How Things Work: Ejection Seats
- By Mary Collins
- Air & Space magazine, July 2002
(Page 2 of 2)
At low altitudes a pilot doesn’t need to free-fall, so the main parachute opens immediately and the drogue stays in its case. All of the decisions based on speed, altitude, and the weight of the passenger are already made for the pilot before he even clears the aircraft.
Manufacturers have spent decades perfecting all the steps necessary for a fully automated ejection. A hole blows open overhead. The wind surges in. The pilot can feel the chemical cartridge ignite under his seat, which activates a catapult that pushes his seat up a rail. One-tenth of a second after yanking the handle, he’s out of there. As he clears the airplane a rocket system called STAPAC kicks in. The wind wants to flip the seat around like a milkweed seed, but the thrust from STAPAC offsets the rotation and keeps the seat and pilot upright and forward facing.
About two seconds after the seat is rocketed upward, the parachute opens, and that triggers a bell crank that pulls the pins on the seat belts so the seat falls clear of the pilot. After all the bang and rush, the airman drifts quietly for three or four seconds. Then a survival kit drops on a 25-foot line. Upon contact with the water, the kits’ raft and life vest automatically inflate.

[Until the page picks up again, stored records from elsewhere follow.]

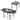 Extensible Courtyard Dining Table for 4-6 People w/ Slatted Table Top
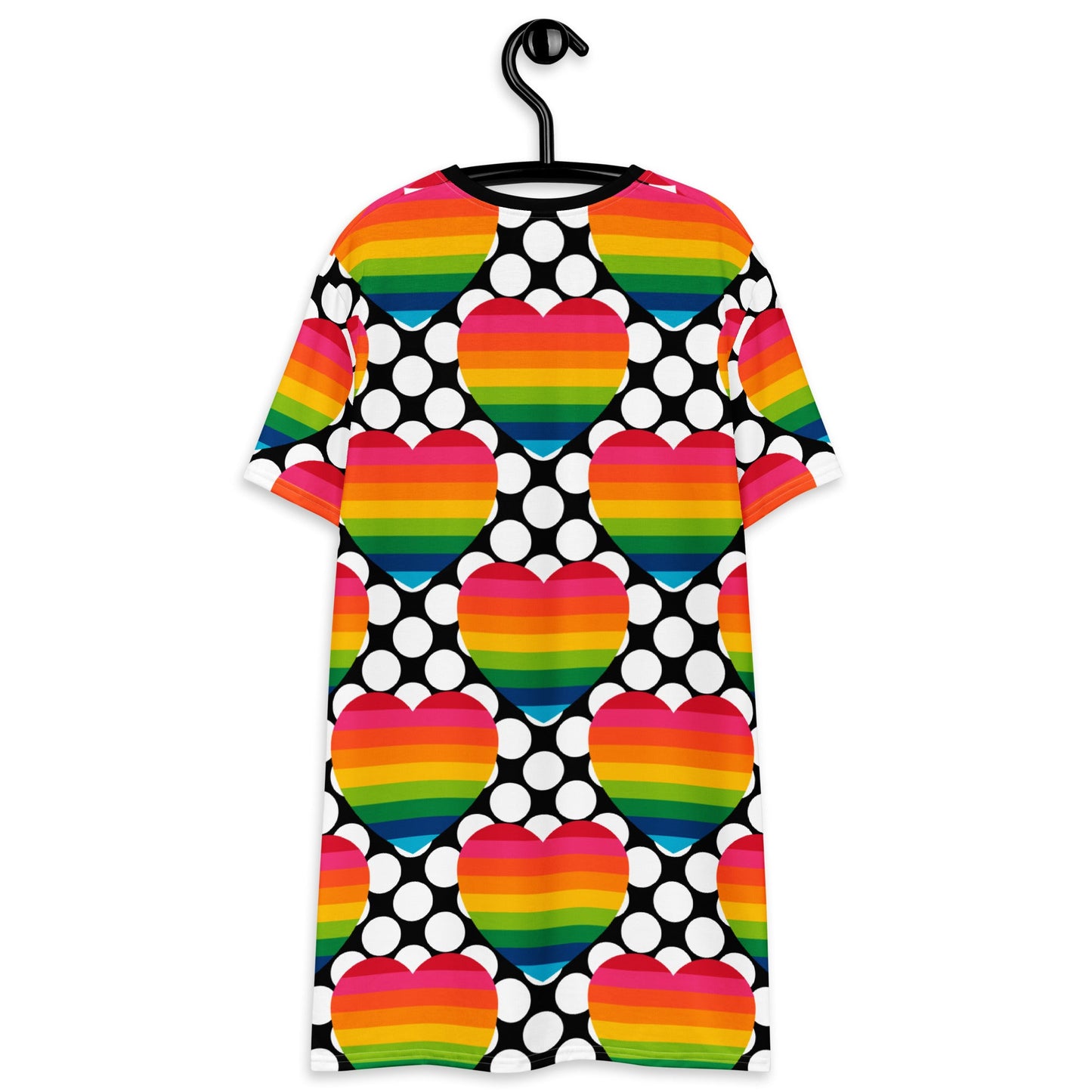 ELLIE LOVE DOT rainbow - T-shirt dress - SHALMIAK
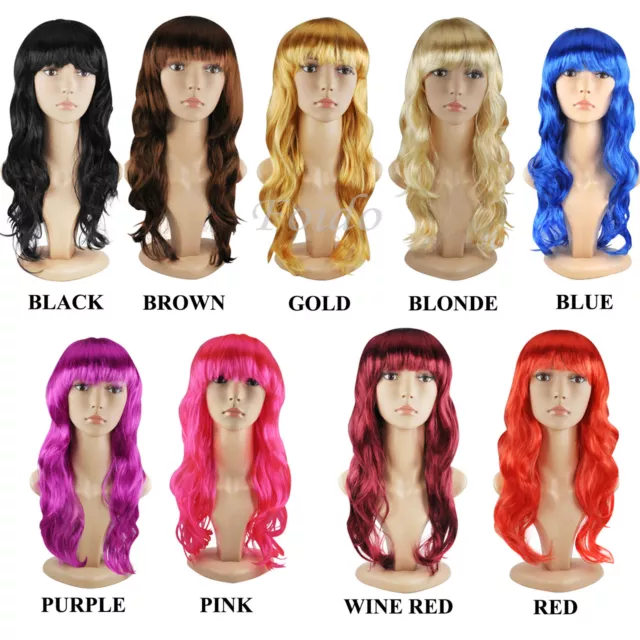 Women’s Sexy Long Curly Fancy Dress Wigs Cosplay Costume Ladies Full Wig Party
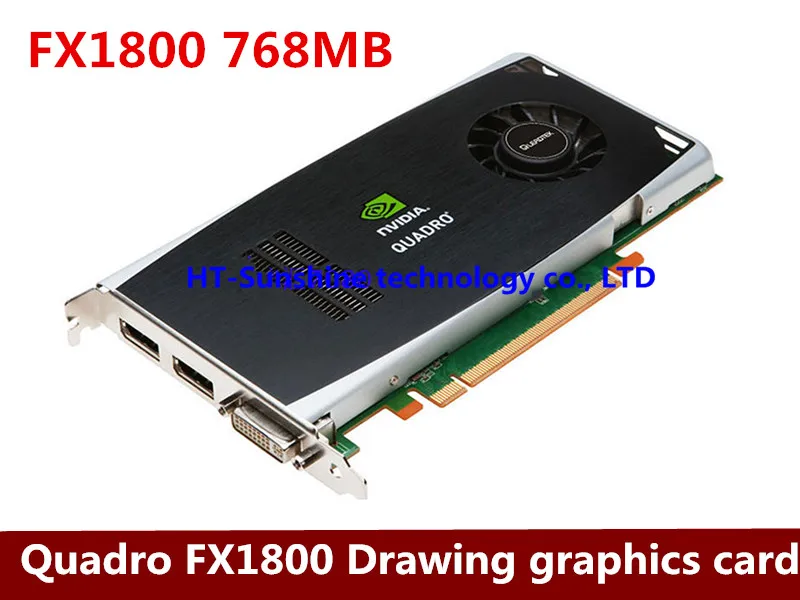 Placa Gráfica de Vídeo Pci-e Original Workstation Quadro Fx1800 768m Ddr3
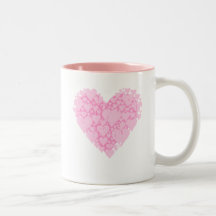 Corazones endurecidos tazas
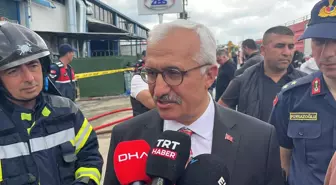 Kocaeli'de Yangın 4 İşletmeyi Etkiledi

While the success rate for ejections has improved dramatically since the 1940s, from about 50 percent to approximately 90 percent today, flailing limbs can get torn off by 600 mph winds, and ejection delays often shorten descents, and that increases the riskiness of the parachute landings. Women pilots, who weigh on average 50 pounds less than their male counterparts, are especially at risk because the lighter the object, the faster the toss and the greater the oscillation.
But even in the most extreme conditions, if a pilot doesn’t wait too long, the ACES II can usually pull off a save. When Captain Jon Counsell had to eject from an F-15C on a training run over the Gulf of Mexico in 1995, he was going Mach 1.4, beyond the accepted parameters for success on the ACES II, which draws the line at 600 knots (690 mph). His limbs flailed so violently during the ejection that he broke his left arm, fractured his left leg in five places and dislocated both knees. Doctors thought he’d never walk again, but seven years later he’s back in the cockpit. In an exchange with the Navy, he now flies F/A-18s.
“I had to make one decision—to pull the handle,” he says. “After that, 13 automatic functions had to work perfectly for me to live, and they did.”